Dexterous Robotic Piano Playing at Scale (2511.02504v1)

Published 4 Nov 2025 in cs.RO

Abstract: Endowing robot hands with human-level dexterity has been a long-standing goal in robotics. Bimanual robotic piano playing represents a particularly challenging task: it is high-dimensional, contact-rich, and requires fast, precise control. We present OmniPianist, the first agent capable of performing nearly one thousand music pieces via scalable, human-demonstration-free learning. Our approach is built on three core components. First, we introduce an automatic fingering strategy based on Optimal Transport (OT), allowing the agent to autonomously discover efficient piano-playing strategies from scratch without demonstrations. Second, we conduct large-scale Reinforcement Learning (RL) by training more than 2,000 agents, each specialized in distinct music pieces, and aggregate their experience into a dataset named RP1M++, consisting of over one million trajectories for robotic piano playing. Finally, we employ a Flow Matching Transformer to leverage RP1M++ through large-scale imitation learning, resulting in the OmniPianist agent capable of performing a wide range of musical pieces. Extensive experiments and ablation studies highlight the effectiveness and scalability of our approach, advancing dexterous robotic piano playing at scale.

Summary

The paper presents OmniPianist, a novel RL-based agent that uses optimal transport for autonomous fingering in piano playing.
It leverages the RP1M++ dataset and a Flow Matching Transformer to achieve robust performance and generalization across music pieces.
The approach advances robotic dexterity by automating key finger movements and improving training efficiency for complex musical tasks.

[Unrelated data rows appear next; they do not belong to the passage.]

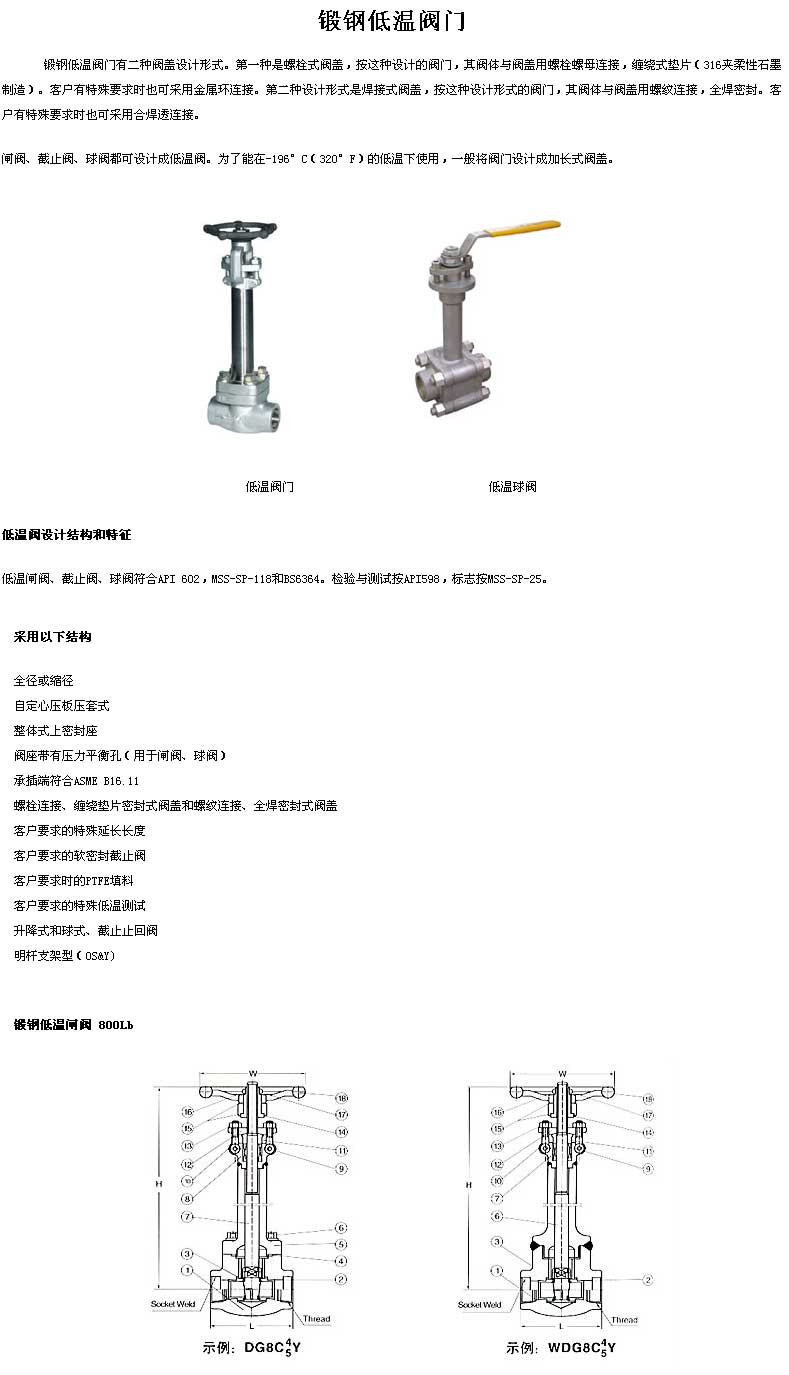 鍛鋼低溫閥門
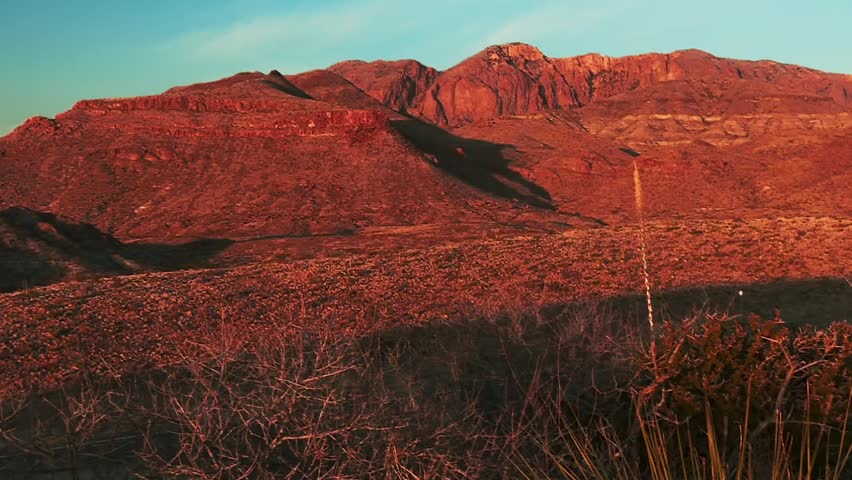 Big Bend National Park Protected Nature Landscape During Sunset In Southwest Texas, USA. Static Shot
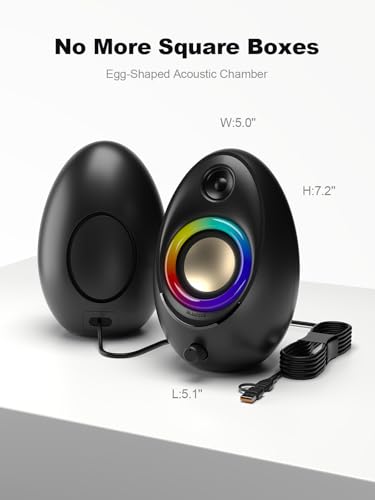 Image of Bluedee Computer Speakers for Desktop PC, 20W Peak Power Bluetooth 5.4 USB /USB-C Powered PC Speakers with 8 RGB Effects, Plug & Play Clear Stereo Sound with Enhanced Bass for Desktop, Laptop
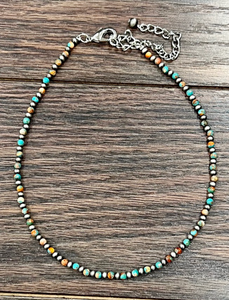 15" 4mm Navajo Pearl And Gemstone Necklace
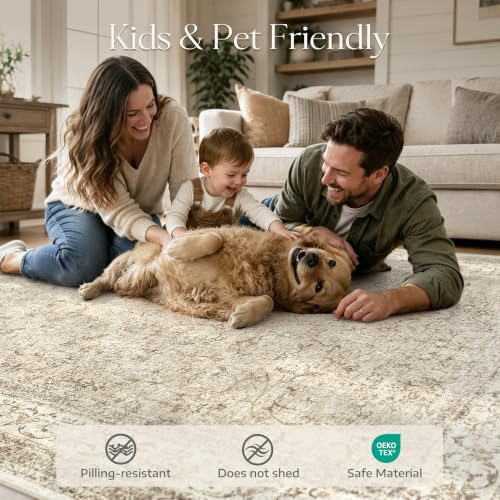 Washable 8x10 Area Rugs for Living Room, Vintage Bedroom Neutral Rug, Beige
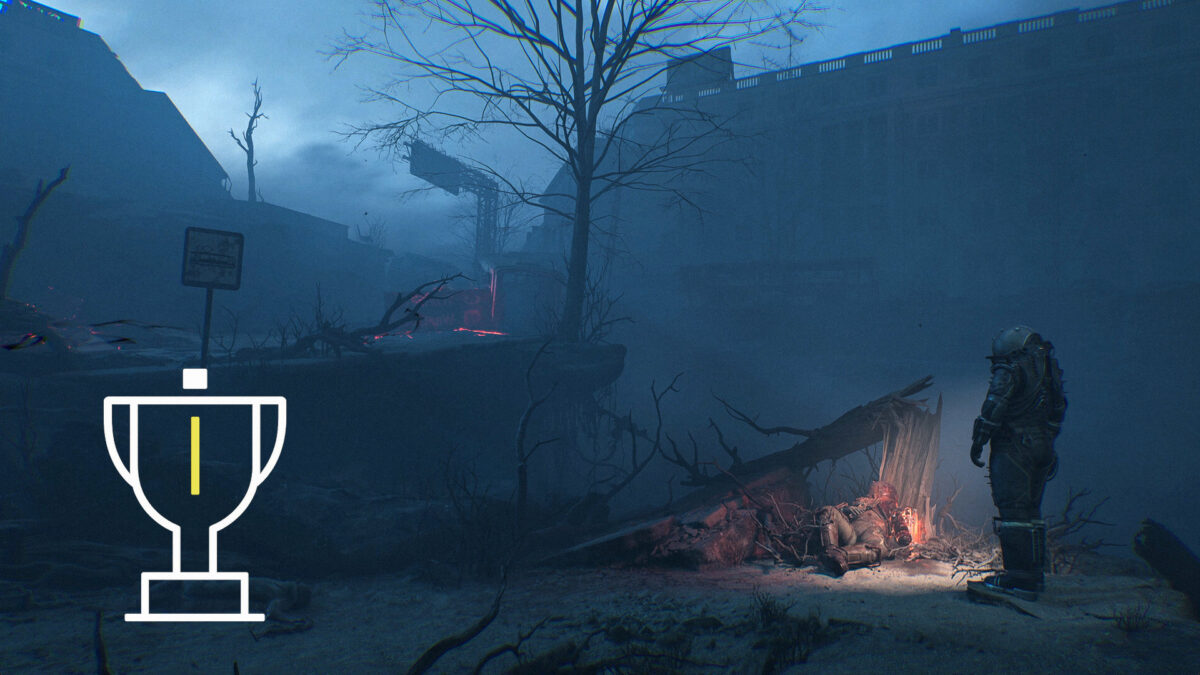 Dark environment with a man on the right side.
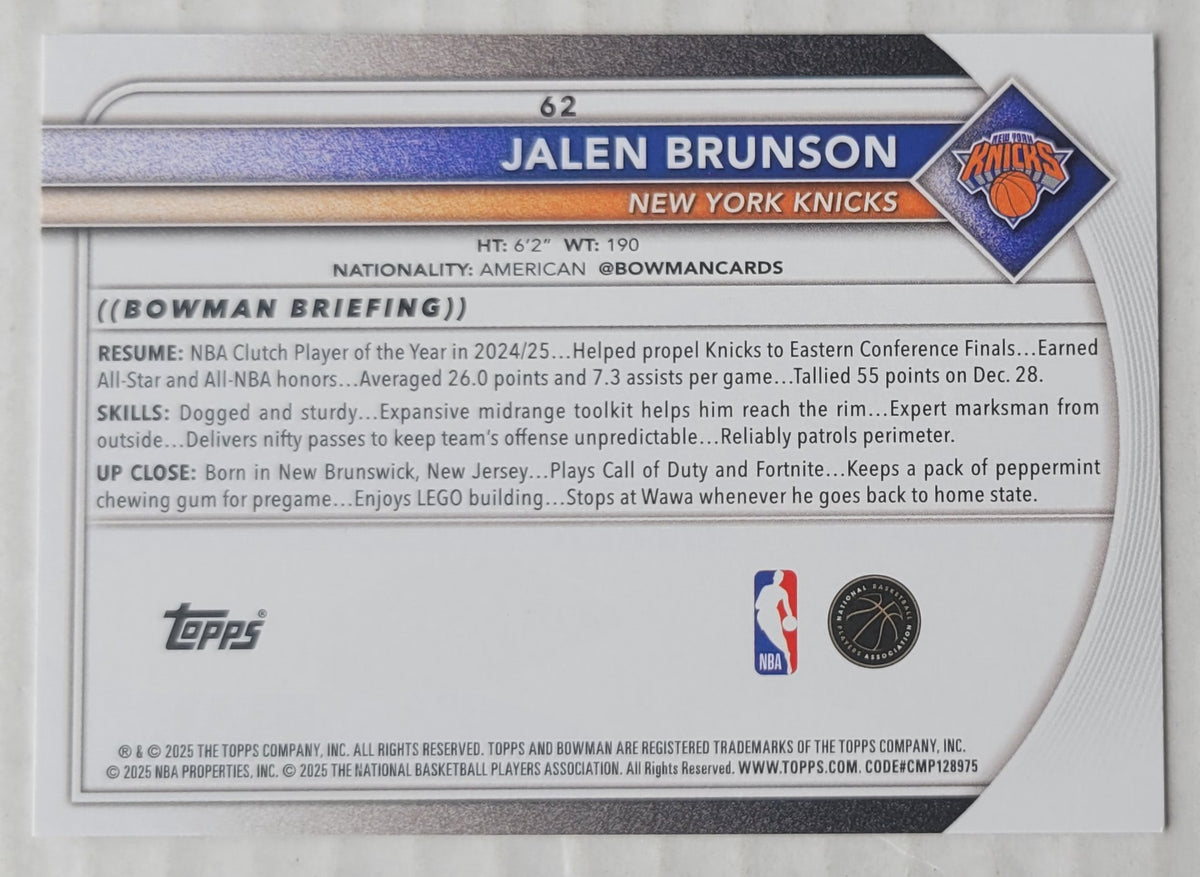 Jalen Brunson - 2025-26 Bowman #62
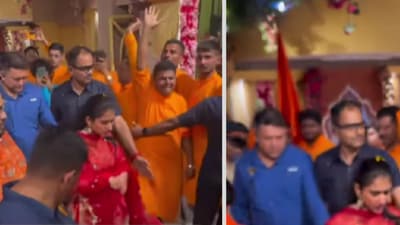 Anant Ambani and Radhika Merchant welcoming Lord Ganesh idol at Antilia. Anant Ambani and Radhika Merchant welcoming Lord Ganesh idol at Antilia.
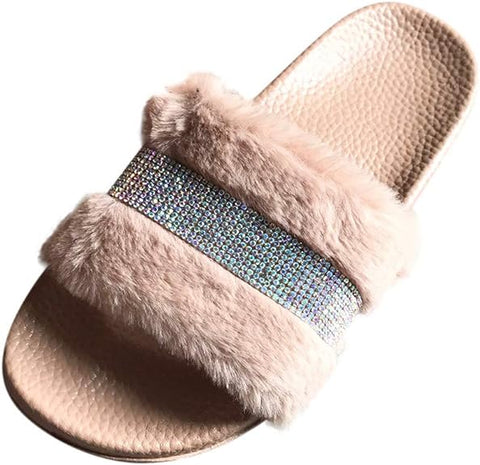 Kate Rhinestone Faux Fur Slides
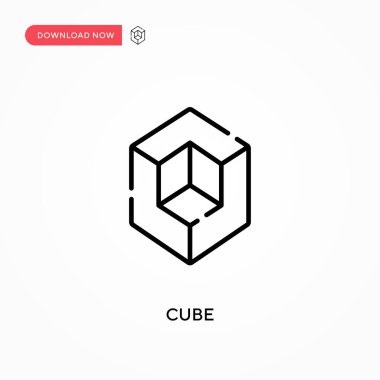 Küp Basit vektör simgesi. Web sitesi veya mobil uygulama için modern, basit düz vektör çizimi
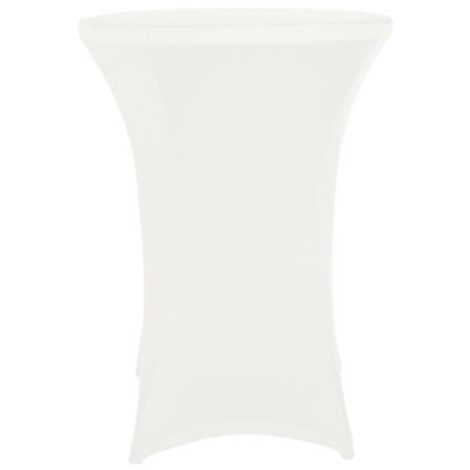 Perel Housse de table extensible blanc Ø80 x 100 cm pour tables cocktail et mange debout housse élastique avec poches de pieds lavable ajustement serré pour mariage fête événement foire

Dexterous Robotic Piano Playing at Scale

Introduction

The paper "Dexterous Robotic Piano Playing at Scale" (2511.02504) introduces an innovative approach to robotic piano playing that addresses the challenges of dexterity and scalability in robotics. It presents OmniPianist, an agent capable of performing a vast repertoire of music pieces without human demonstrations by leveraging a novel Reinforcement Learning (RL) framework. This work is a significant step forward in enabling robots to achieve human-level dexterity in complex tasks.

Core Components of the Method

The research introduces three key innovations:

Automatic Fingering Strategy: Utilizing an Optimal Transport (OT) formulation, the proposed method eliminates the dependency on human-annotated fingering. This allows the robotic agent to autonomously discover efficient piano-playing strategies (Figure 1).
Figure 1: Overview of the proposed RL-based agent using OT formulation for autonomous piano playing.
Large-Scale Dataset - RP1M++: The collection and utilization of a comprehensive dataset, RP1M++, comprising over one million trajectories from specialist RL agents trained on distinct music pieces, ensures extensive coverage and diversity necessary for robust performance (Figure 2).

Figure 2: Dataset statistics showing diversity and coverage in RP1M++.

Flow Matching Transformer: Employed for imitation learning, this model processes the RP1M++ data to produce a skilled agent capable of diverse performances with strong generalization to new songs (Figure 3).
Figure 3: Flow Matching Transformer architecture used in the OmniPianist.

Implementation Details

Optimal Transport for Fingering

The OT problem formulation dynamically determines how fingers should move to press the required keys at each time step, significantly reducing the exploration space in RL. This fingering strategy adapts well to different robotic architectures, allowing for the transferability across various robotic hands (Figure 4 and Figure 5).

Figure 4: Comparison of agent-discovered and human-annotated fingering.

Figure 5: Performance across different robotic embodiments.

Reinforcement Learning with RP1M++

The OT-based fingering enables efficient training of RL specialists, each specializing in a single musical piece. The RP1M++ dataset aggregates over 2,000 such specialists, improving both data diversity and state-space coverage essential for training a multi-song agent capable of generalizing to unseen pieces (Figure 6).

Figure 6: RP1M++ provides better coverage leading to superior training results.

Flow Matching Transformer

This transformer model efficiently processes complex music sequences. It utilizes multi-head attention to handle the temporal and spatial dependencies inherent in piano playing, thereby improving the agent's ability to perform diverse tasks with high fidelity (Figure 3).

Performance and Evaluation

The method's scalability is demonstrated by training and evaluating the multi-song agent, OmniPianist, across various datasets. The performance metrics on both in-distribution and out-of-distribution sets underscore the improvements brought by RP1M++, affirming the method's robustness and generalization capacity (Figure 7).

Figure 7: Data scaling laws showing consistent improvements with larger datasets.

Conclusion

The paper presents a scalable framework for dexterous robotic piano playing that bypasses the limitations of traditional human-demonstration-based methods. By integrating optimal transport-based fingering with large-scale RL and the Flow Matching Transformer, OmniPianist demonstrates remarkable proficiency and versatility in performing complex musical tasks. Future work may explore extending this framework to real-world implementations and integrating multimodal sensory inputs to enhance precision and control during performances.